Excerpts from a dataset:
============

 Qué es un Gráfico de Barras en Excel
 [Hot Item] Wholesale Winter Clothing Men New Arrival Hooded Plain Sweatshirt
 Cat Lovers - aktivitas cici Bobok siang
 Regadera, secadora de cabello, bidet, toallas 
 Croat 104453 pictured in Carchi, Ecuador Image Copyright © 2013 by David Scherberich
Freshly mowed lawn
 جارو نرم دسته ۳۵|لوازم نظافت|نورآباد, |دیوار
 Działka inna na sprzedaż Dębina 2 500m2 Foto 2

============

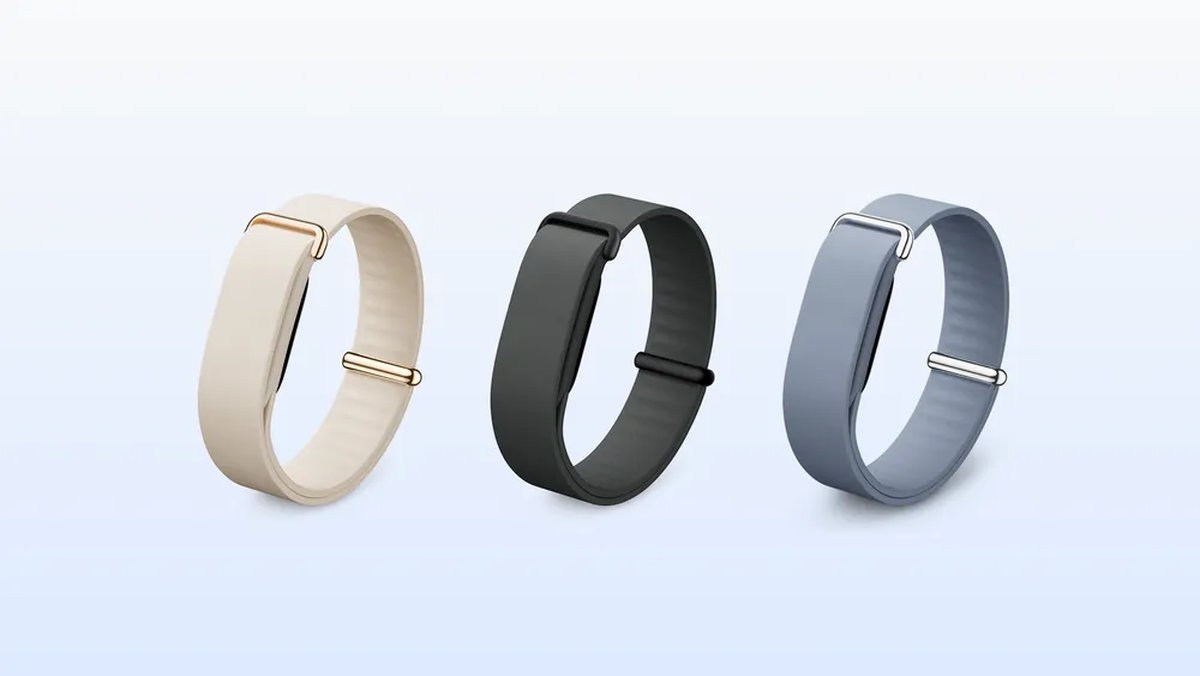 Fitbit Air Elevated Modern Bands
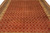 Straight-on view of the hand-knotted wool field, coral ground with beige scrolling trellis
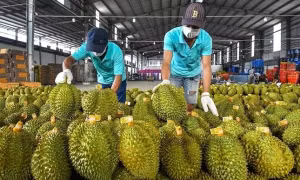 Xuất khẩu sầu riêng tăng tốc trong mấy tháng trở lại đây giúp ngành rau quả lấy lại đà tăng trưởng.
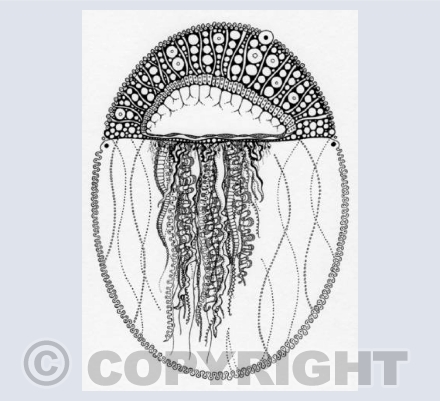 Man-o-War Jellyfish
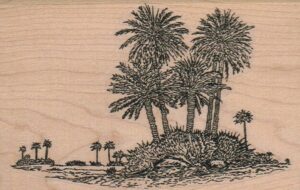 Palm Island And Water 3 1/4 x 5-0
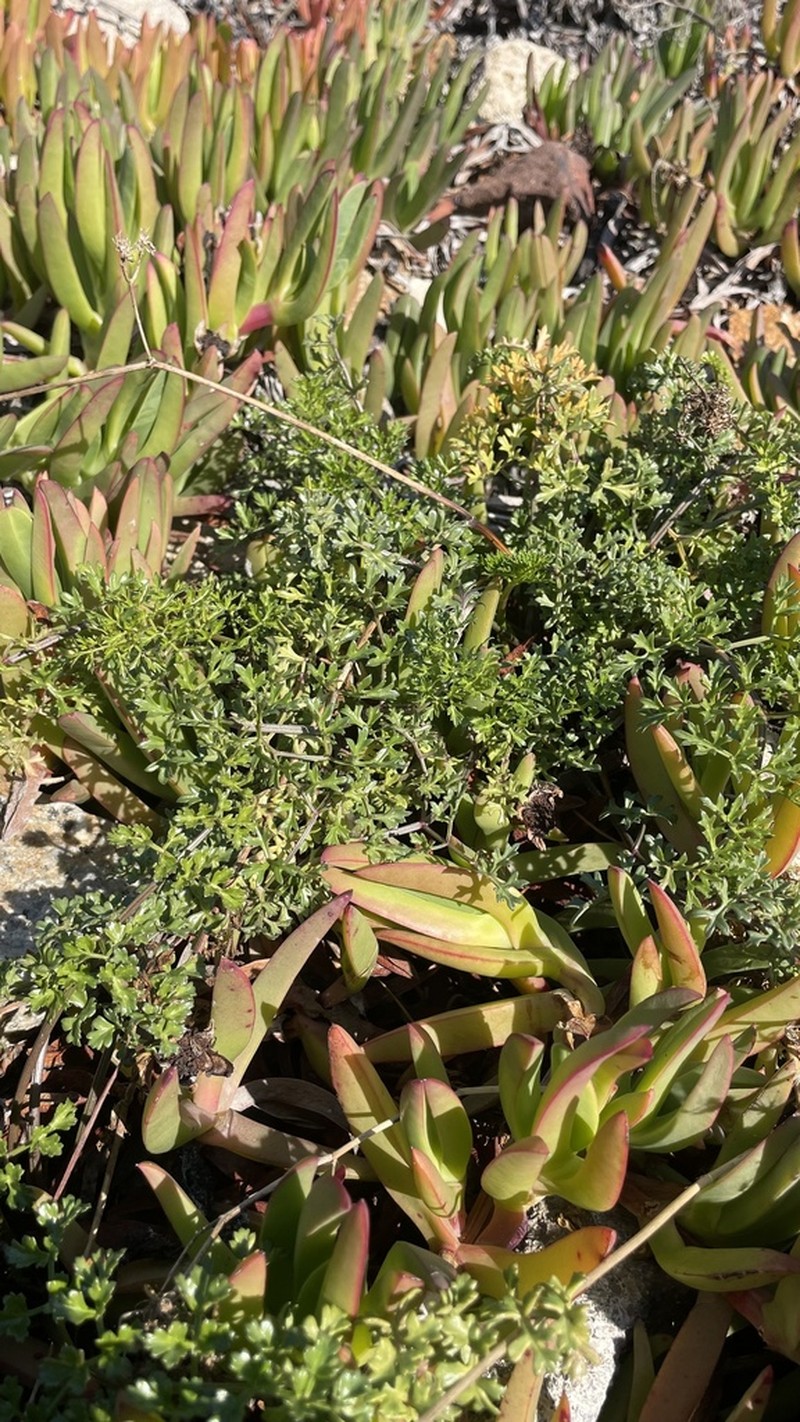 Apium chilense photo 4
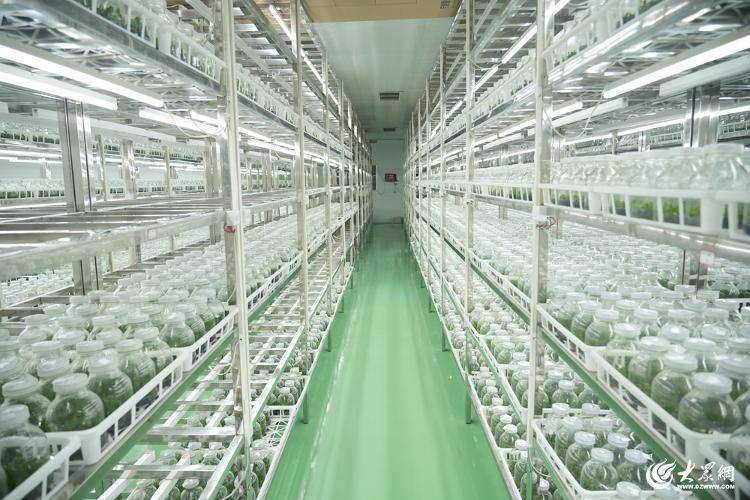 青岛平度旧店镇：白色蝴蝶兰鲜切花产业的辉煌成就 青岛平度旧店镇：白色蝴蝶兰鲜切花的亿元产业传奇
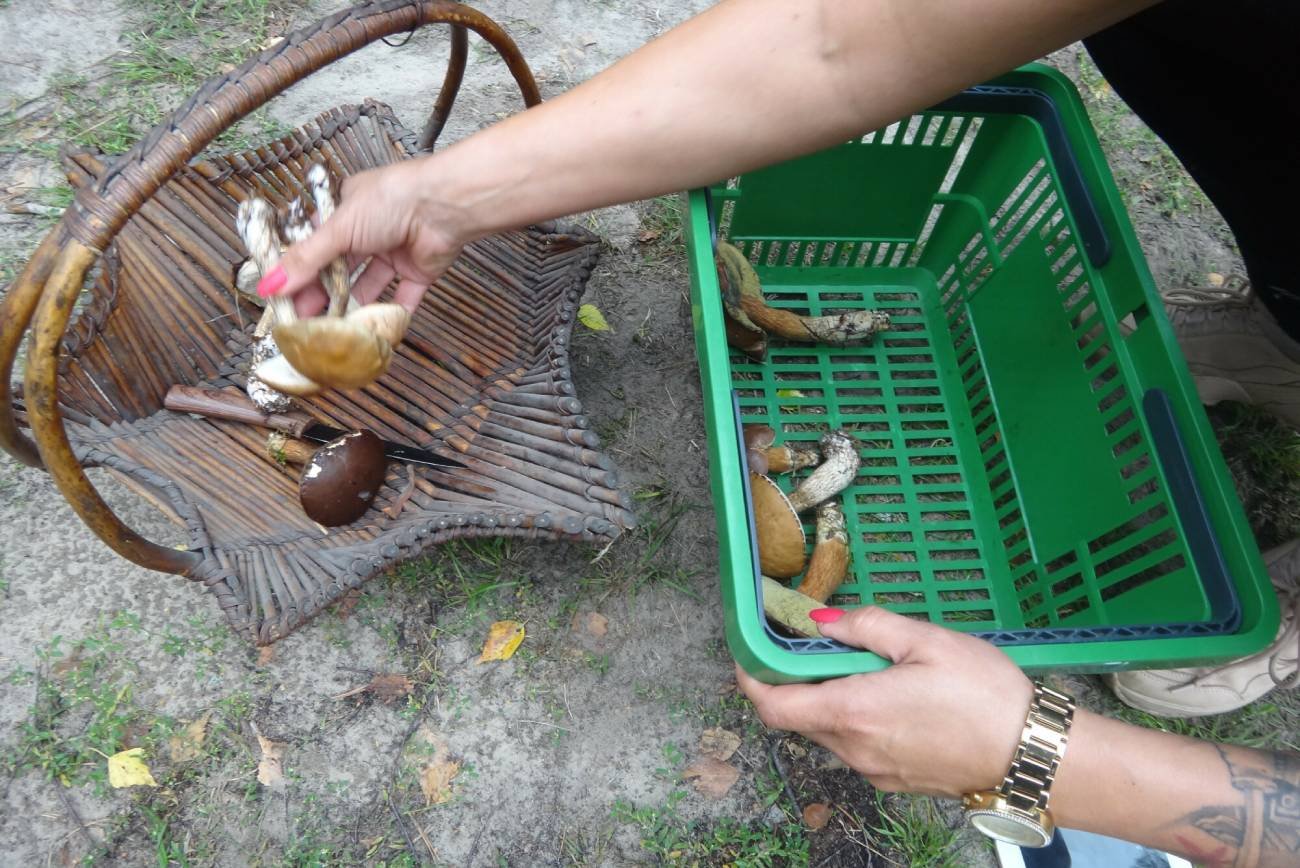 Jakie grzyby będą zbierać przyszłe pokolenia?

============

Required action
Could you write out, exactly as they stand, only the lines above that begin at the line with "Qué es un Gráfico de Barras en Excel" and stop after the line with "Działka inna na"?

Output
 Qué es un Gráfico de Barras en Excel
 [Hot Item] Wholesale Winter Clothing Men New Arrival Hooded Plain Sweatshirt
 Cat Lovers - aktivitas cici Bobok siang
 Regadera, secadora de cabello, bidet, toallas 
 Croat 104453 pictured in Carchi, Ecuador Image Copyright © 2013 by David Scherberich
Freshly mowed lawn
 جارو نرم دسته ۳۵|لوازم نظافت|نورآباد, |دیوار
 Działka inna na sprzedaż Dębina 2 500m2 Foto 2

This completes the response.